National Policy on Electronics
- Logo of Electronics India under the National Policy on Electronics (NPE)

Agency overview
- Formed: 2011
- Parent department: Department of Information Technology

= National Policy on Electronics (India) =

India's National Policy on Electronics is formulated by the government of India to boost its electronics systems and design manufacturing industry and improve its global market share. The policy was drafted in 2011 by the Department of Information Technology of the Ministry of Communication and Information Technology. It is the first of three policies for IT, telecom and electronics released by the government.

==Background==

The electronics industry, at about $1.75 trillion is one of the largest and fastest growing in the world.

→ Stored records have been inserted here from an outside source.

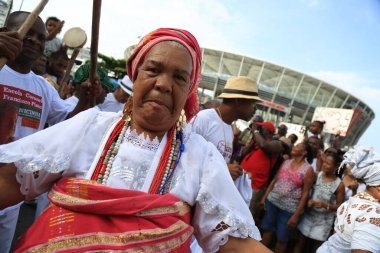 Salvador, Bahia, Brezilya - 24 Ocak 2016: Baiana kültür grubu üyeleri Salvador kentinde düzenlenen bir kültür etkinliği sırasında görüldü.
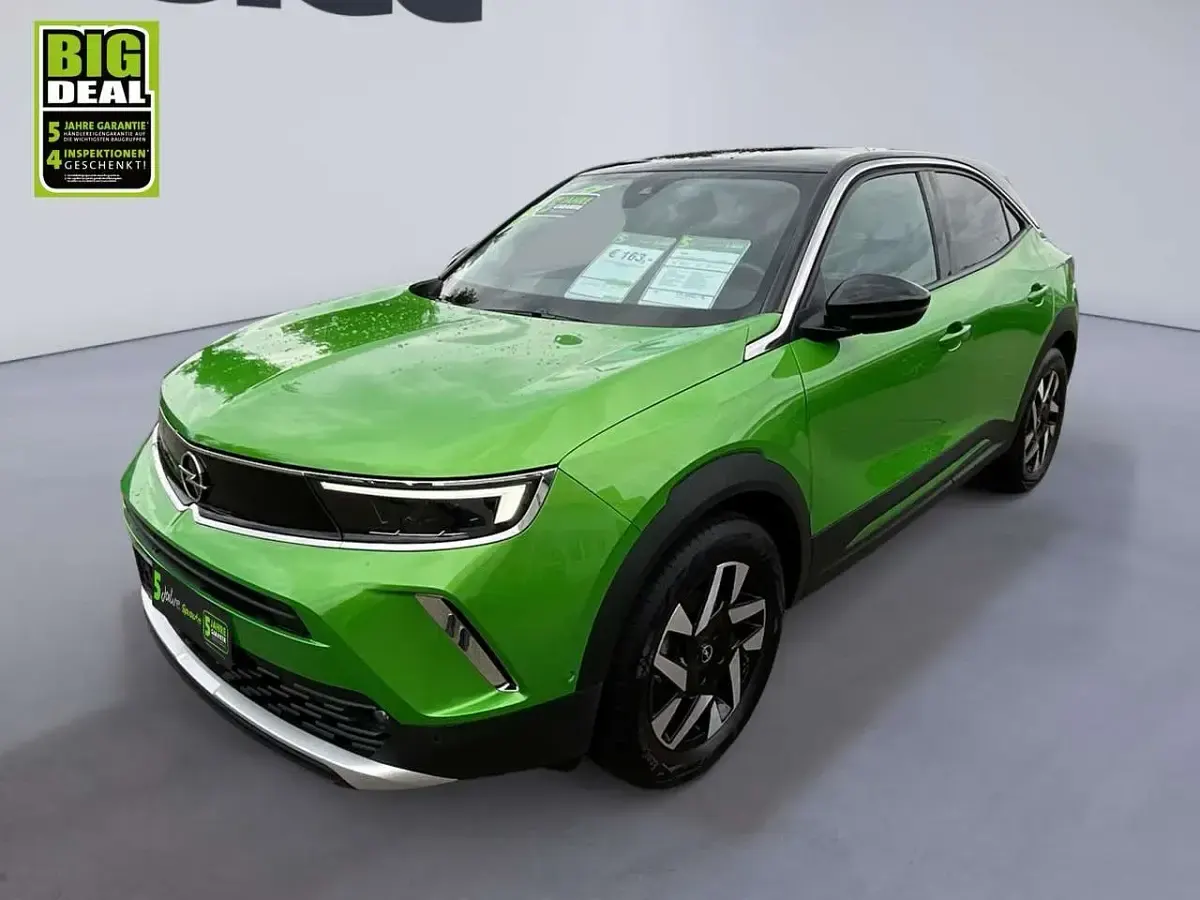 Gebraucht Opel Mokka Elegance 131 PS (96 kW) 2022 Matcha green/ikone gruen SUV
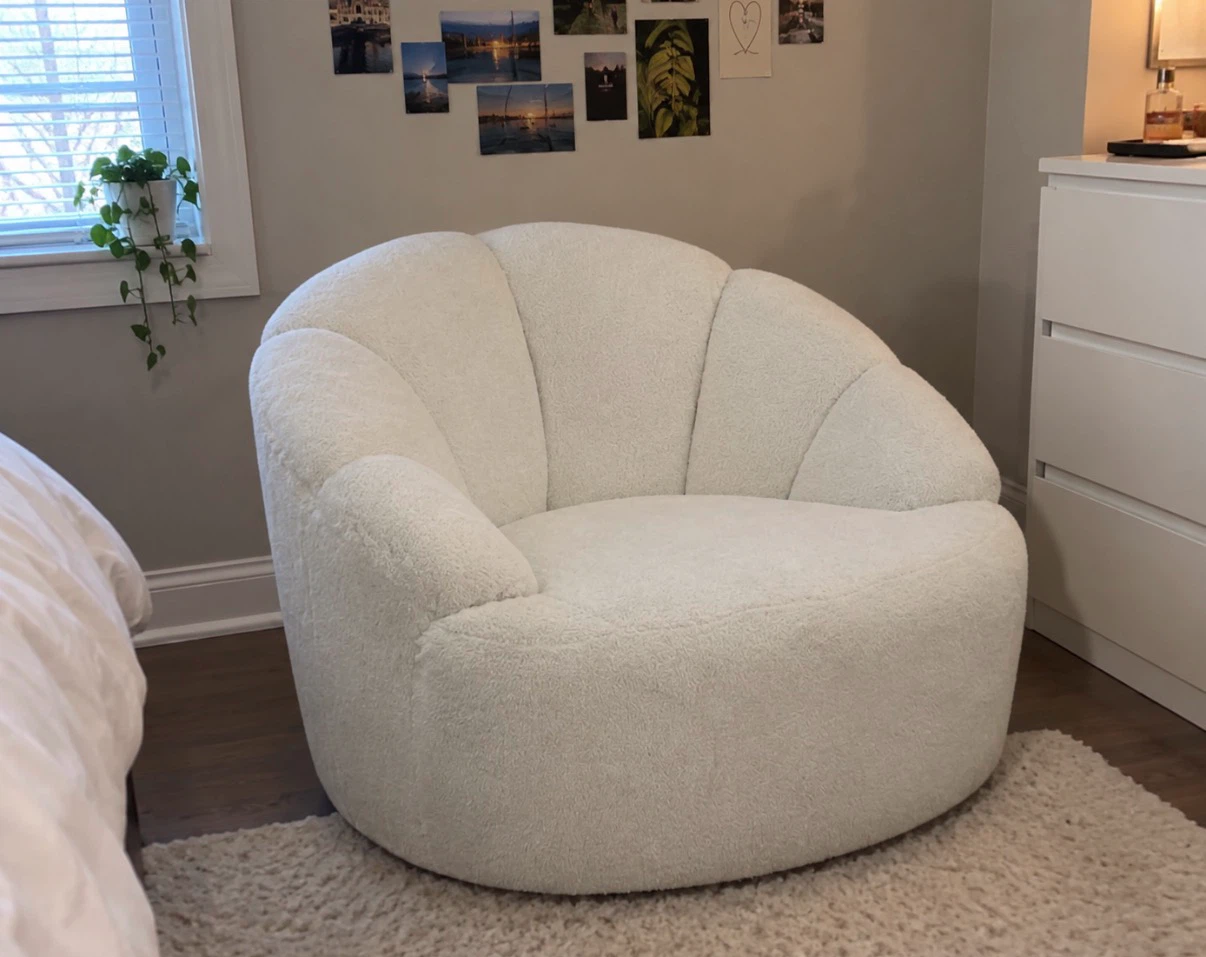 Swivel Accent Chair in Pearl - Free Delivery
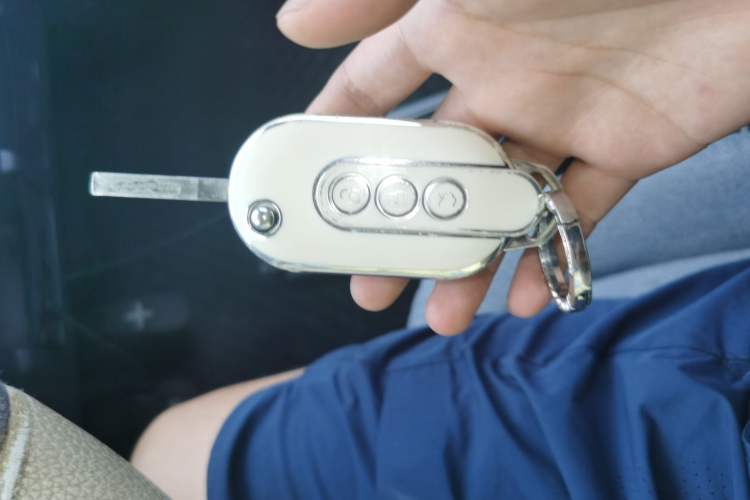 Used Wuling Hongguang MINIEV 2022 Macaron Premium Model – Lithium Iron Phosphate Vehicle Key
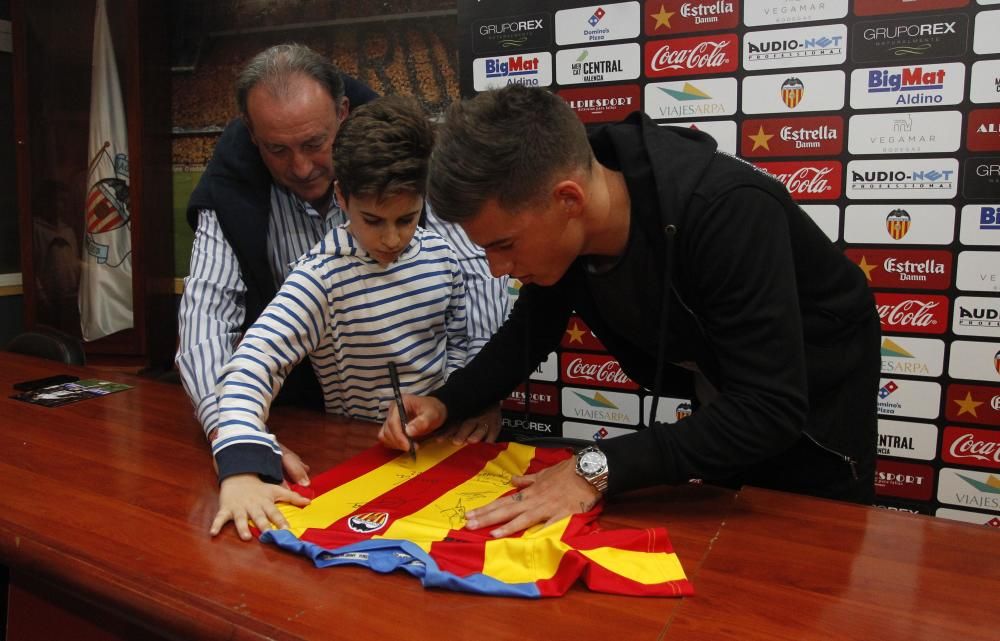 Santi Mina desata la locura de la afición en la Agrupación de Peñas del Valencia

The Indian market in 2008-09 was $45 billion and is expected to reach $400 billion by 2025 .

== Strategies ==

The strategies in the policy include:
- Provide incentives through Modified Special Incentive Package Scheme (M-SIPS)
- Set up semiconductor wafer fabrication facilities
- Preferential market access to domestically manufactured electronic products
- Provide incentives for setting up 200 electronic manufacturing clusters (EMCs) including greenfield EMCs and upgrades of brownfield EMCs
- Establish a stable tax regime and market India as a destination to attract investments
- Create a completely secure cyber ecosystem in the country
- Implementation of E-waste (Management and Handling) Rules, 2011
- Define National Electronic Mission
- The share of Indian electronics manufacturing in the world as of 2017-18 is 26.7%. With the policy, the government is aiming to increase it to 32%.